RNA and protein expression studies presented in this work show that the expression of Bag5 is increased in malignant compared to benign prostate tissue. Since other Bag family members are overexpressed in several types of cancers in addition to prostate cancer [3537], such as breast [38, 39], colon [40] and pancreatic [41, 42] cancers, it is likely that increased Bag5 expression would be found in other type of tumors as well. If this is the case, it would be worth investigating the use of Bag5 as a novel tumor biomarker.

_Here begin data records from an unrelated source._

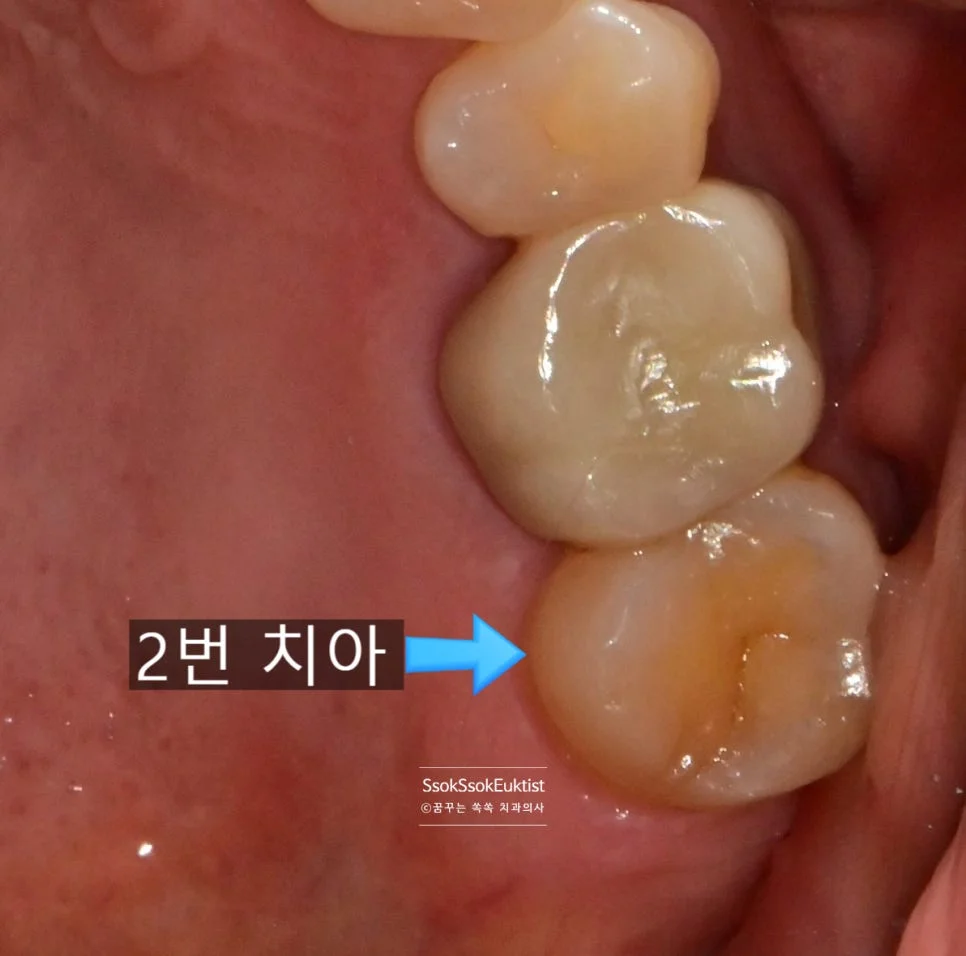 2번 치아 균열 크라운 삭제 사진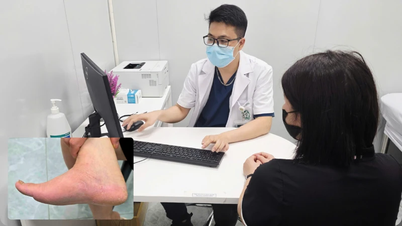 Itchy skin, be careful of infections caused by floods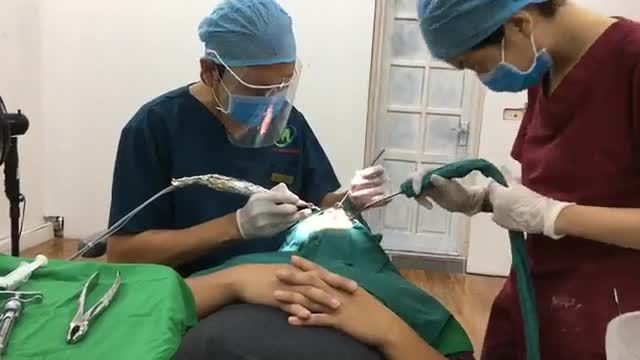 Cấy chân răng nhân tạo răng số 11 cho a Cường tại Nha Khoa Thuỳ Anh.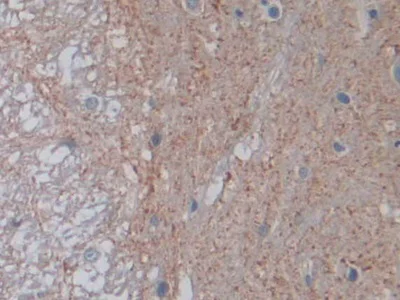 Immunohistochemistry (Formalin/PFA-fixed paraffin-embedded sections) - Anti-VE-PTP antibody (AB231670)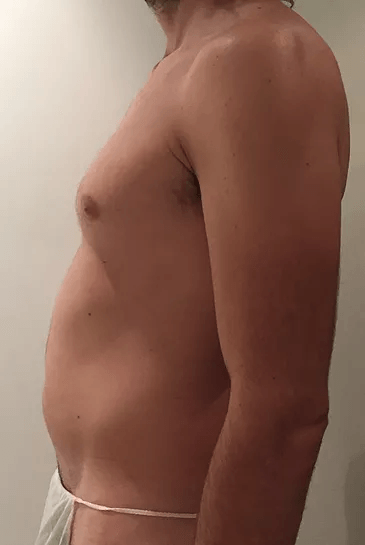 360° abdominal liposuction — Before · oblique view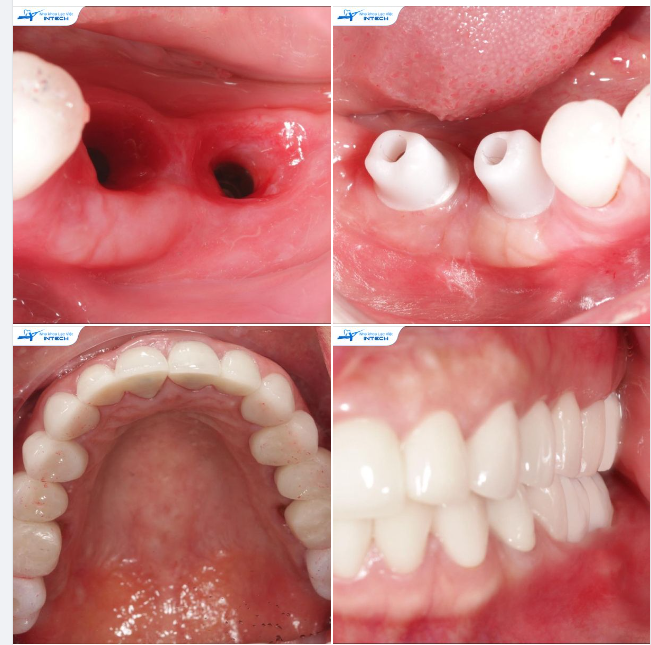 CÔNG NGHỆ DCT MANG LẠI CHIẾC RĂNG IMPLANT TIỆM CẬN SỰ HOÀN HẢO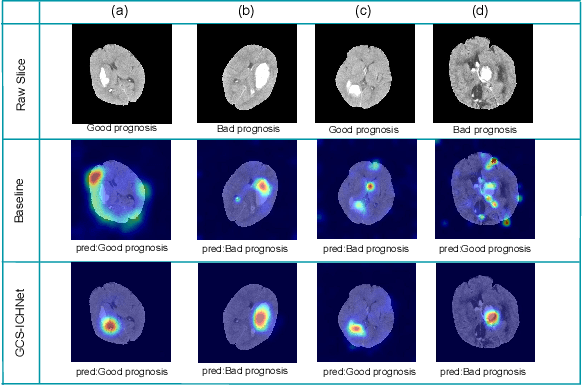 Figure 3 for GCS-ICHNet: Assessment of Intracerebral Hemorrhage Prognosis using Self-Attention with Domain Knowledge Integration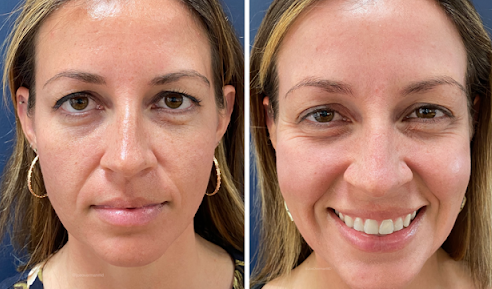 patient at clearview dermatology in arvada colorado before and after fraxel laser treatment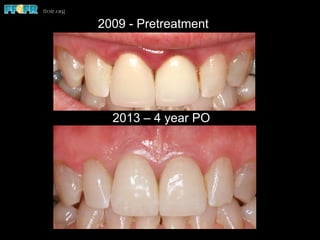 2013 – 4 year PO
2009 - Pretreatment
 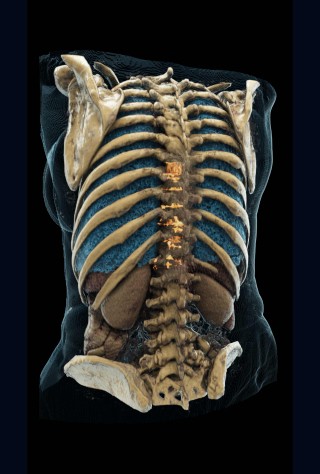 Bone Metastases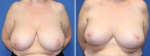 Breast Reduction by Dr Damian Marucci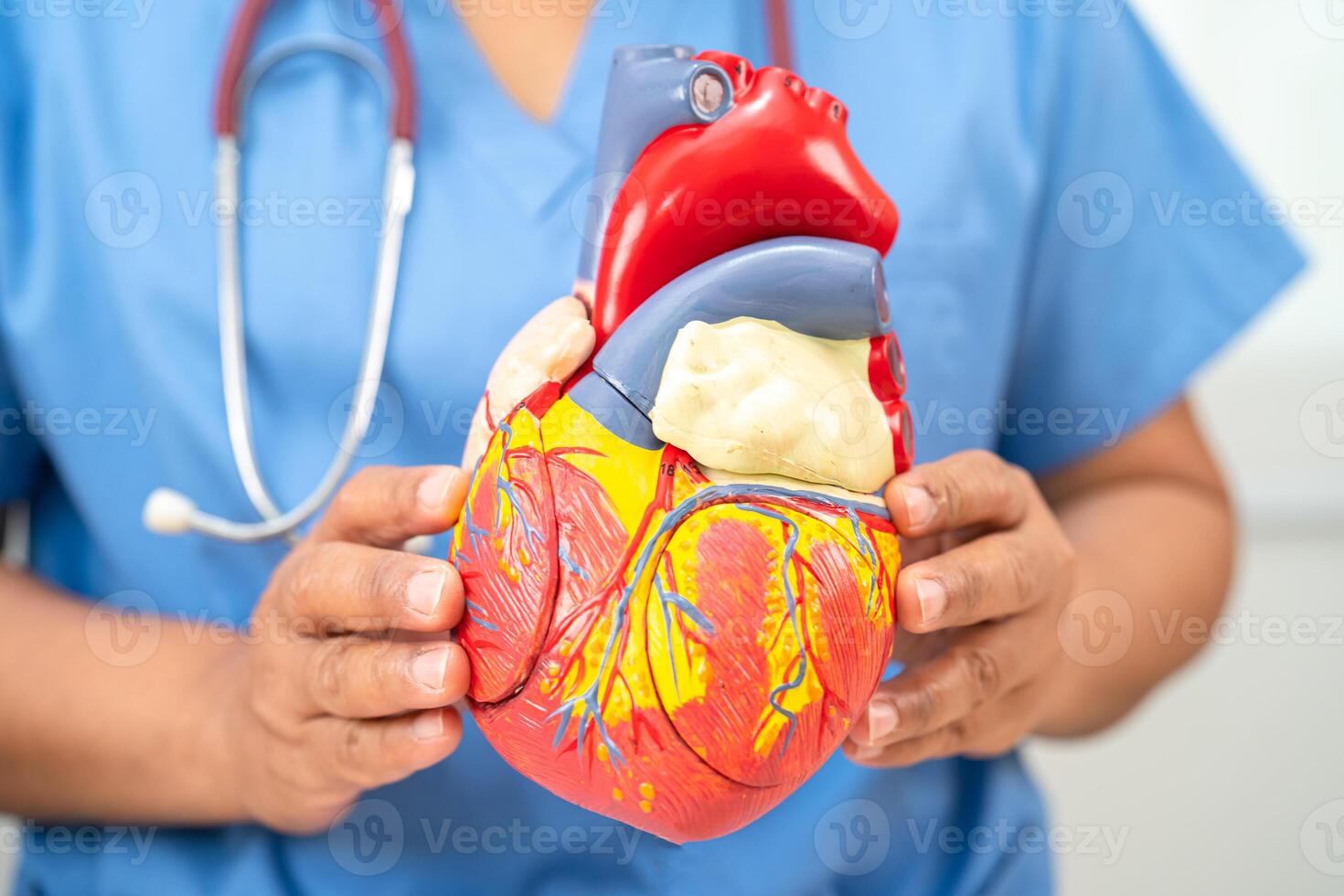 Cardiovascular disease CVD, Asian doctor holding human anatomy model for learn and treat heart disease. photo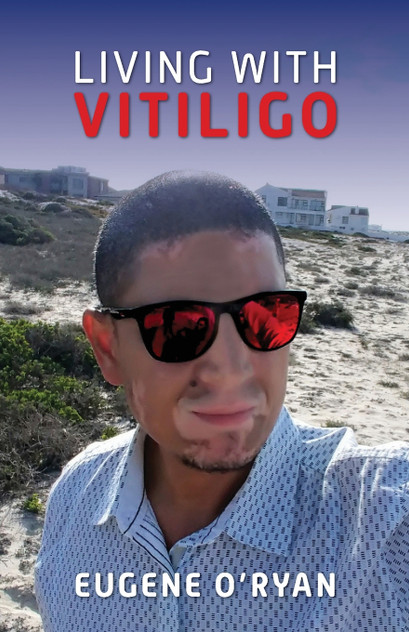 Living with Vitiligo Living with Vitiligo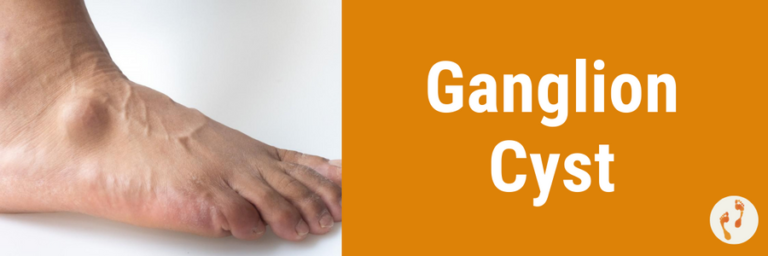 Ganglion Cyst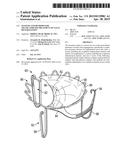 SYSTEMS AND METHODS FOR TRANSCATHETER TREATMENT OF VALVE REGURGITATION diagram and image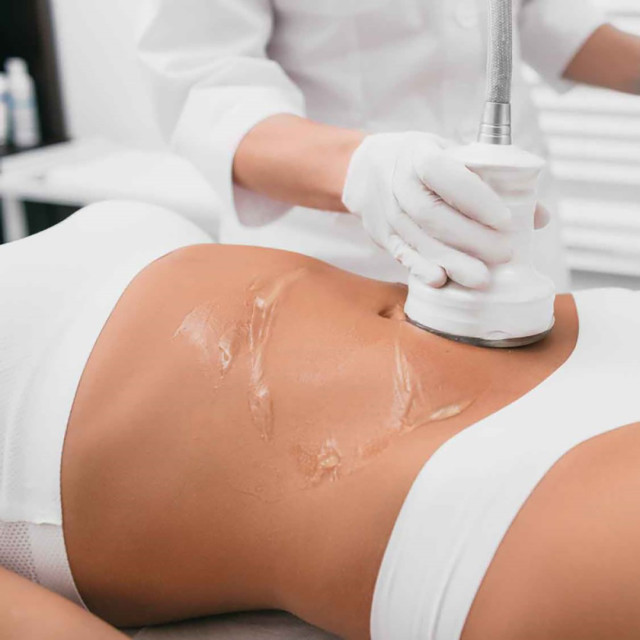 RF Cavitation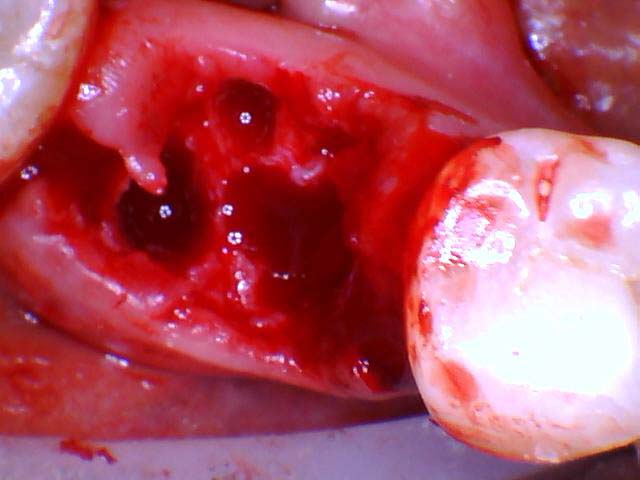 A photograph immediately following extraction of a hopeless tooth. The holes represent the roots of the removed tooth.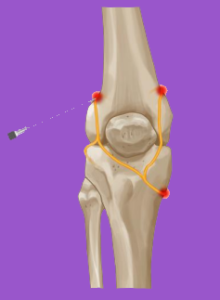 Genicular Nerve Block – iSPINE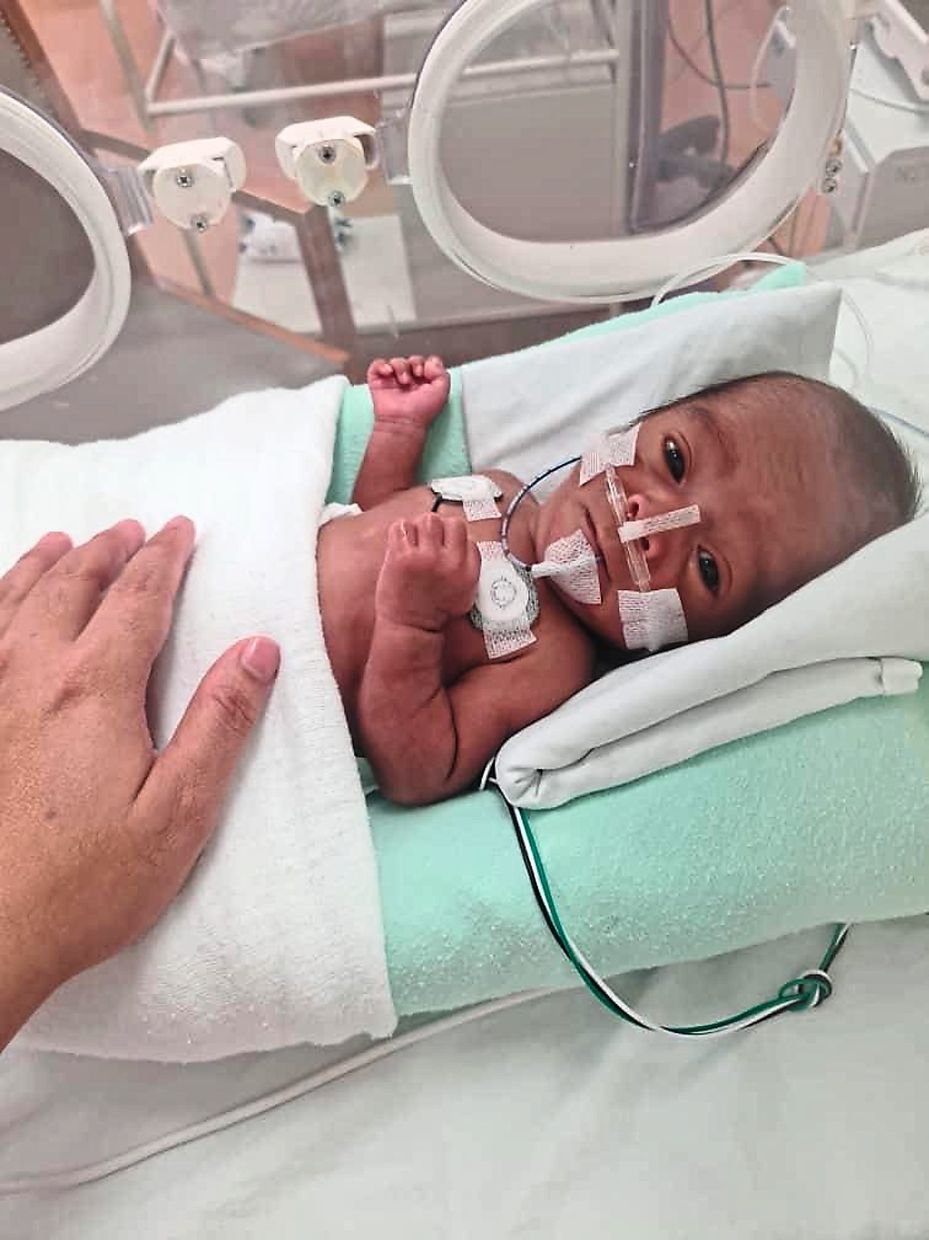 The younger of twins who were delivered prematurely at 28 weeks, this baby, who was six weeks old in this photo, had to stay in the hospital for four months before being allowed to go home. The delivery was so unexpected that the mother, who is a doctor, had to drive herself while in labour to the hospital as her husband was outstation at the time.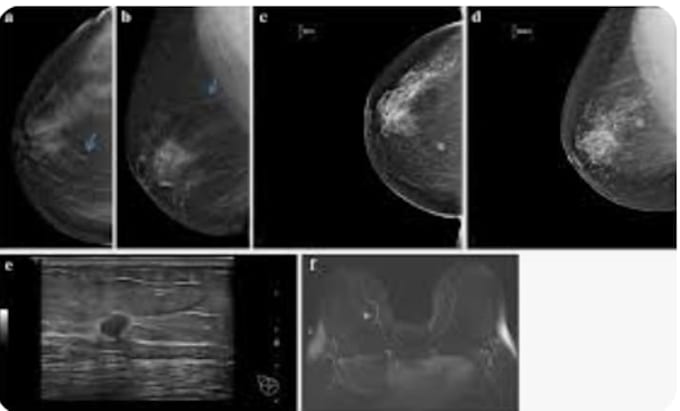 help you better understand your imaging results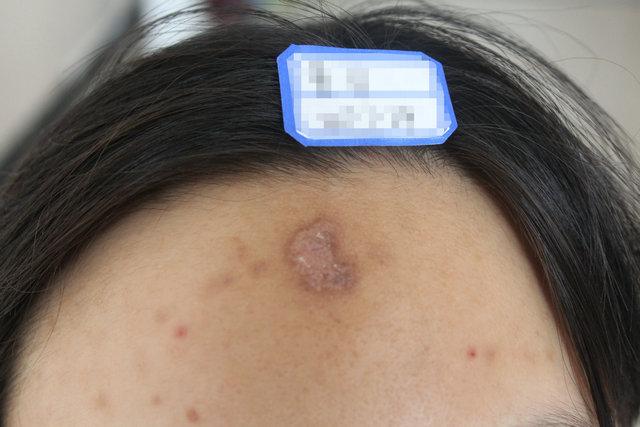 自己怎样修复凹陷 794e36fc61594b7bb9d72d74f0faaf14.jpeg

From the results of this work that Bag5 is a stress-inducible gene and it is anti-apoptotic, we would expect a tumor with high expression of Bag5 to be more aggressive and less responsive to stress-inducing chemotherapeutic agents. This hypothesis is supported by our observation that up- or downregulation of Bag5 levels modifies the ability of prostate cancer cells to respond to stress. This agrees with finds that Bag5 gene expression is increased in rat livers upon exposure to epatotoxants [43] and that it is induced in MCF7 breast cancer cells [44] and ovarian cancer spheroids [45] upon taxol treatment.

Conclusions

These finding together with the work described in this communication identify Bag5 as a gene whose expression is regulated by chemotherapeutic drugs and an anti-apoptotic gene. In addition we showed that Bag5 interacts with the molecular chaperone GRP78/BiP, often found overexpressed in chemoresistant tumors (reviewed in [46]). Downregulating Bag5 levels and/or interfering with Bag5-GRP78/BiP interaction could therefore represent a novel therapeutic approach to overcame chemoresistance and to treat late stage tumors.